For instance, if your mean has been low in the last three years then you will score poorly during the interviews. The maximum mark for a teacher with a mean of 11 (A- minus) and above has been set at 20. Whereas a teacher with a mean of below 2 (D- minus) will be awarded one mark only.
Another scoring area is the improvement index; with teachers who have recorded a positive improvement of 2 and above garnering 20 marks.
The Commission is currently carrying out interview sessions for the about 33,000 shortlisted teachers.
Kenya Union of Post Primary Education Teachers, Kuppet, has come out to castigate TSC for sidelining some administrators in the ongoing promotions.
“We also draw your attention to the apparent discriminative procedures the Commission
has instituted against some principals, deputy principals and senior masters who merit on
the basis of their qualifications.
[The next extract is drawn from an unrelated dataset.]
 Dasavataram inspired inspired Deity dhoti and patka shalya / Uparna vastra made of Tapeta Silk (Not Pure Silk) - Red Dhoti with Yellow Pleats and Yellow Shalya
Initially, we received complaints from members who
faced difficulties applying for the promotions via the TSC portal. We brought the matter
to the attention of your officers, who attributed it to a system glitch.” Says Kuppet Secretary General Akelo Misori.
In a protest letter sent to TSC, Akelo says many administrators currently serving in sub-county schools were blocked from applying for promotion to head extra-county and national schools. Those who managed to apply have not been short-listed for interviews.
In addition, the Career Progression Guidelines, CPG, being used for the interviews have placed substantial weight on the status of schools where the applicants serve. It is obvious that county and sub-county schools cannot compete fairly with the well-established ones.
A glaring difference between the two categories of schools is in the entry qualifications for their Form One intakes. However, the vast majority of Kenyan students and teachers
(including principals) are based in these county and sub-county schools.
The Kenya National Union of Teachers, Knut, has been opposing the CPG and has engaged the Commission in court battles.
Also given a raw deal are teachers with higher qualifications as their papers have been rendered useless.
“Unless this system is changed, many qualified teachers-including those with post-graduate qualifications might not get their deserved promotion. This policy will also balkanize Kenya, given the inequalities in economic development across the country.” Misori adds.
Equally affected are teachers serving in Teachers Training Colleges (TTCs) have been systematically sidelined from these promotions. This is because the Scoring in heavily weighted on the applicant’s marks under the Teacher Performance Appraisal and Development, TPAD, appraisal tool.